1. In general.  At the initial appearance before a judicial officer of a defendant in custody preconviction for a formerly capital offense, the judicial officer shall issue an order under section 1026, unless the attorney for the State moves for a Harnish bail proceeding. If the attorney for the State requests a Harnish bail proceeding before bail has been set, the judicial officer shall order the defendant held pending a hearing under subsection 2. The attorney for the State may move for a Harnish bail proceeding at any time preconviction. If the attorney for the State moves for a Harnish bail proceeding after bail has been set, the court may hold the defendant pending a hearing under subsection 2 or may continue the defendant's bail.
[ 1987, c. 758, §20 (NEW) .]
2. Harnish bail proceeding.  A Harnish bail proceeding must be held within 5 court days of the State's request unless the court, for good cause shown and at the request of either the defendant or the attorney for the State, grants a continuance. Evidence presented at a Harnish bail proceeding may include testimony, affidavits and other reliable hearsay evidence as permitted by the court. If, after the hearing, the court finds probable cause to believe that the defendant has committed a formerly capital offense, it shall issue an order under subsection 3. If, after the hearing, the court does not find probable cause to believe that the defendant's alleged criminal conduct was formerly a capital offense, it shall issue an order under section 1026 and may amend its bail order as provided under section 1026, subsection 3, paragraph C.
[ 1995, c. 356, §6 (AMD) .]
3. When conditional right has been extinguished at Harnish bail proceeding.  The court's finding that probable cause exists to believe that the defendant committed a formerly capital offense extinguishes the defendant's right to have bail set. The court shall make a determination as to whether or not the setting of bail is appropriate as a matter of discretion. The court may set bail unless the State establishes by clear and convincing evidence that:
A. There is a substantial risk that the capital defendant will not appear at the time and place required or will otherwise pose a substantial risk to the integrity of the judicial process; [2007, c. 374, §11 (AMD).]
B. There is a substantial risk that the capital defendant will pose a danger to another or to the community; or [1997, c. 543, §8 (AMD).]
C. There is a substantial risk that the capital defendant will commit new criminal conduct. [1997, c. 543, §9 (NEW).]

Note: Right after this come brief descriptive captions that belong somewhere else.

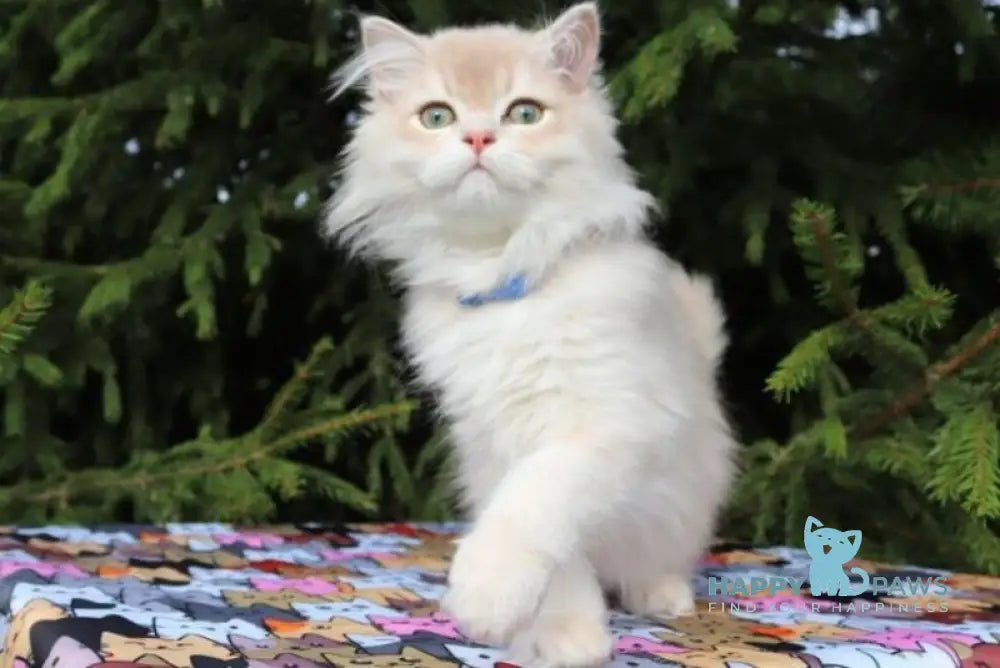 Olivia Scottish Straight female lilac golden shaded live animals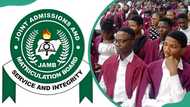 JAMB subject combination for civil engineering: Full list of requirements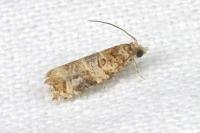 Lobesia botrana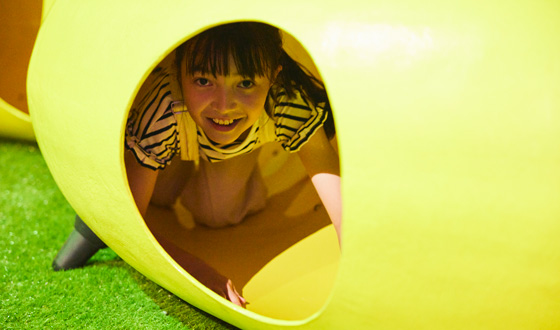 A hide-and-seek game in the forest that the whole family will be excited about!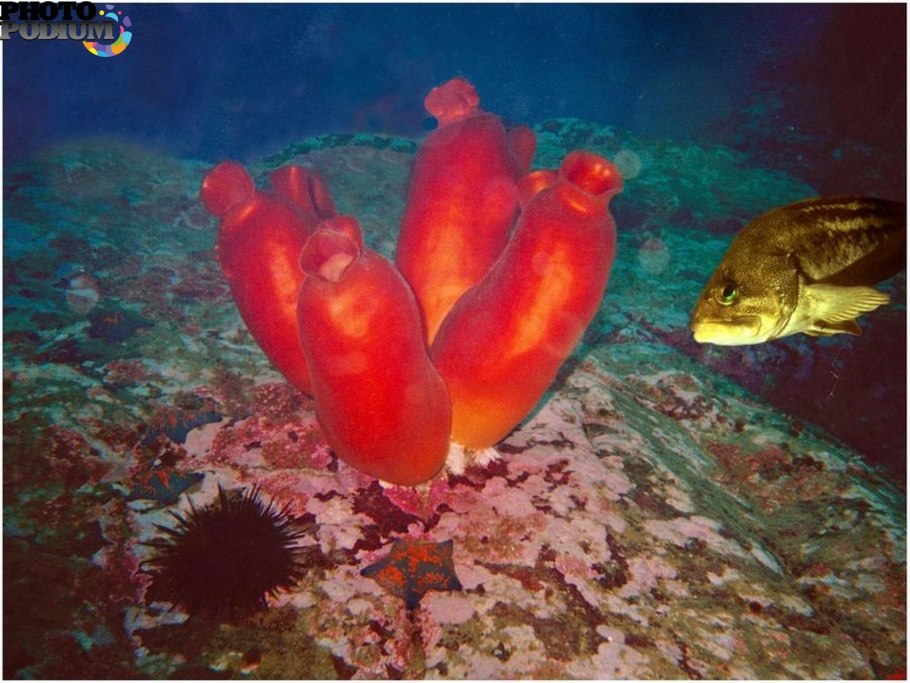 Каллистемон Литтлджон в ландшафтном дизайне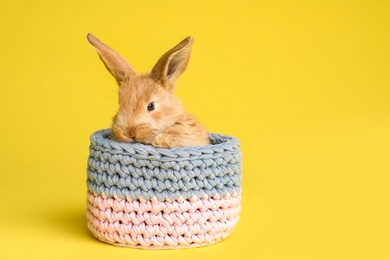 Adorable furry Easter bunny in basket on color background, space for text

In exercising its discretion, the court shall consider the factors listed in section 1026. If the court has issued a bail order on the basis of its discretionary authority to set bail in a case involving a formerly capital offense, the court having jurisdiction of the case may modify or deny bail at any time upon motion by the attorney for the State or the defendant or upon its own initiative and upon a showing of changed circumstances or the discovery of new and significant information.
[ 2007, c. 374, §11 (AMD) .]
SECTION HISTORY
1987, c. 758, §20 (NEW). 1995, c. 356, §6 (AMD). 1997, c. 543, §§8,9 (AMD). 1997, c. 543, §9 (AMD). 2007, c. 374, §11 (AMD).